Da habe ich mich insofern etwas zu weit aus dem Fenster gelehnt, als ich das nur unzureichend belegen kann.

Ein Freund hat mir vor Jahren erklärt, daß es im Arabischen nur geringfügige grammatikalische Unterschiede zwischen Indikativ und Konjunktiv gibt, daß bei nicht völlig exakter Aussprache kaum zu unterscheiden ist, ob ein Redner etwas wünscht, etwas vorhersagt, oder etwas für Realität erklärt.

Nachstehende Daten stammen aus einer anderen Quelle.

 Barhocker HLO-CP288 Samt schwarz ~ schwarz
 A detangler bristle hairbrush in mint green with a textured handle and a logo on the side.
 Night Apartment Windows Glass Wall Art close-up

Naja, das ist schwierig. Als semitische Sprache gibt es eine solche Trennung zwischen Indikativ und Konjunktiv eigentlich gar nicht, nur parallele Sprachformen. Insofern könnte man sagen, dass Sie da recht haben... allerdings gilt Ähnliches auch für das Hebräische. Aber vielleicht kann Ruth uns hier weiterhelfen, sie hat mich unlängst schon einmal semitistisch zurückgepfiffen

Grundsätzlich bin ich mit Erklärungen entlang der Sapir-Whorf-Hypothese skeptisch. Sprachfamilien einerseits und Kultur, Ideologie, Geographie, Kolonialgeschichte andererseits sind einfach sehr schwer zu trennen.
http://en.wikipedia.org/wiki/Sapir%E2%80%93Whorf_hypothesis

Zitat von R.A.
Und mir schien das glaubhaft, weil ein etwas, hmmm, unklares Verhältnis zwischen Wunsch und Wirklichkeit bei arabischen Politikern noch stärker zu sein scheint als in anderen Ländern bei diesem Berufsstand üblich.

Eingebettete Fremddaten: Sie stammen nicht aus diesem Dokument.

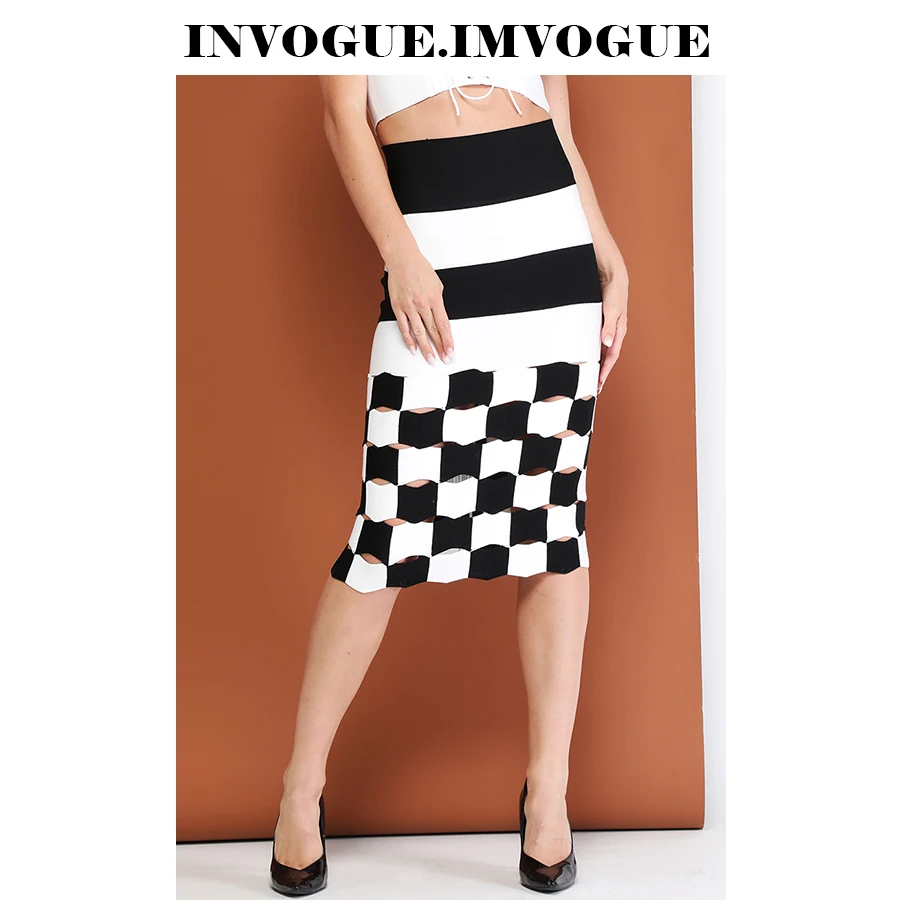 INVOGUE. IMVOGUE новинка 2019 черная и белая полосатая открытая высокая талия сексуальная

Und da haben Sie wiederum recht...

--
The act of defending any of the cardinal virtues has to-day all the exhilaration of a vice. - Gilbert Keith Chesterton, "A Defence of Humility" (in The Defendant)

Gorgasal Offline




Beiträge: 4.082

15.01.2009 20:30
#27 RE: "Antizionismus" und klassischer Antisemitismus Antworten

Zitat von Zettel
Also, lieber R.A., ich bleibe (erst mal) bei meiner These: Der Anschluß an die westliche Zivilisation, der den Kolonialgebieten im 19. Jahrhundert zwangsläufig (und natürlich gezwungenermaßen) zuteil wurde, fehlte den Kolonien des Osmanischen Reichs. Natürlich behaupte ich nicht, daß das der einzige Faktor ist; aber einer, der meist weniger gesehen wird.

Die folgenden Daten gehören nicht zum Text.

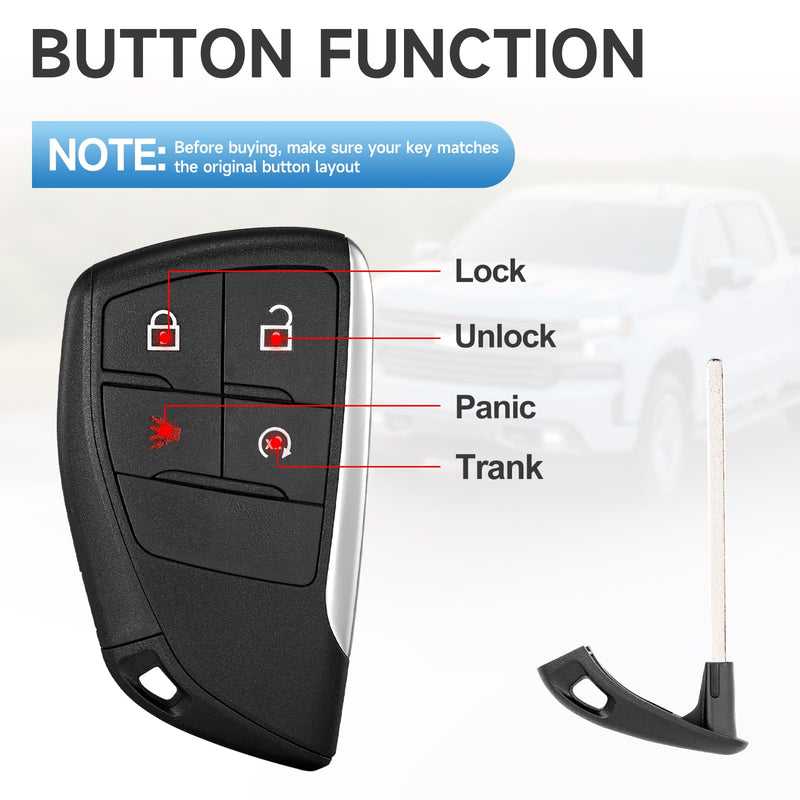 Smart Key Fob Replacement Remote fits for Chevy Blazer EV 2024-2025 Colorado 2023-2026 Equinox EV 2024-2026 Silverado 2021-2026 Tahoe 2022-2025 Traverse 2025-2026 Car Keyless Entry YG0G21TB2 433Mhz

Ich muss zugeben, dass diese Hypothese mich weniger überzeugt, werter Zettel. Die Unterschiede zwischen beispielsweise Indochina, Schwarzafrika, Algerien und dem Libanon - um bei französisch dominierten Kolonien zu bleiben - sind dermaßen viel stärker als die Gemeinsamkeiten, dass ich die Kolonialmacht nur als sehr viel schwächeren Einfluss sehe als die lokale Kultur. Beispielsweise sind Indochina von den Roten Khmer abgesehen bestialische Schlächtereien erspart geblieben, wie sie in Schwarzafrika an der Tagesordnung sind - übrigens auch in ehemals britischen Kolonien.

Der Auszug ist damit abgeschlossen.